Yes I believe the other threads concerning the same issue answer why the system, because
of the lack of type linkage, is lenient in "unioning" types. What I'm still uncomfortable with is, I
don't understand under what conditions the system should union two opaque types with the
same name and def. The above method BitcodeReader::ParseTypeTableBody, never seems to do
this, and therefore my reading of Linker::LinkInFiles won't do it either for say two bitcode files
accessing/realizing the same named StructType.

The idea is that the linker does this when there is linkage that implies that two types should be unioned.

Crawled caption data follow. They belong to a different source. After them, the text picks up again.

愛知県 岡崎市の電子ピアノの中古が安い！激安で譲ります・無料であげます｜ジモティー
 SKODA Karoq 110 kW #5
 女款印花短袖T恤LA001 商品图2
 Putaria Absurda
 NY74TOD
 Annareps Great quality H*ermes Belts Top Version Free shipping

For example:

%A = type opaque
@G = external global %A*
...and...

%A = type { i32 }
@G = global %A* null

should merge the two %a's, because that is implied by linking @G and there is no structural conflict.

On the other hand when hand coding two
modules using in memory IR, I have a choice in either checking with NamedStructTypes to to force
two equivalently named struct types to resolve to the same struct type with the same name, or
ignoring the issue, and just have each module create two different struct types (via StructType
name collision behavior), with different names but with the same definition. Does the name
matter given that the definitions are the same?

For linking or IR generation? In IR generation, names matter for purposes of type identity and equality. The linker cannot assume that linked symbols have the same type (for many reasons), so type merging is "nice to have" for it.

-Chris

Hi Chris,

Ok, it looks like I need to get my head out of the JIT world where linking between different
modules is done by hand--well it use to be via ExecutionEngine::updateGlobalMapping(...),
and therefore a developer controlled event.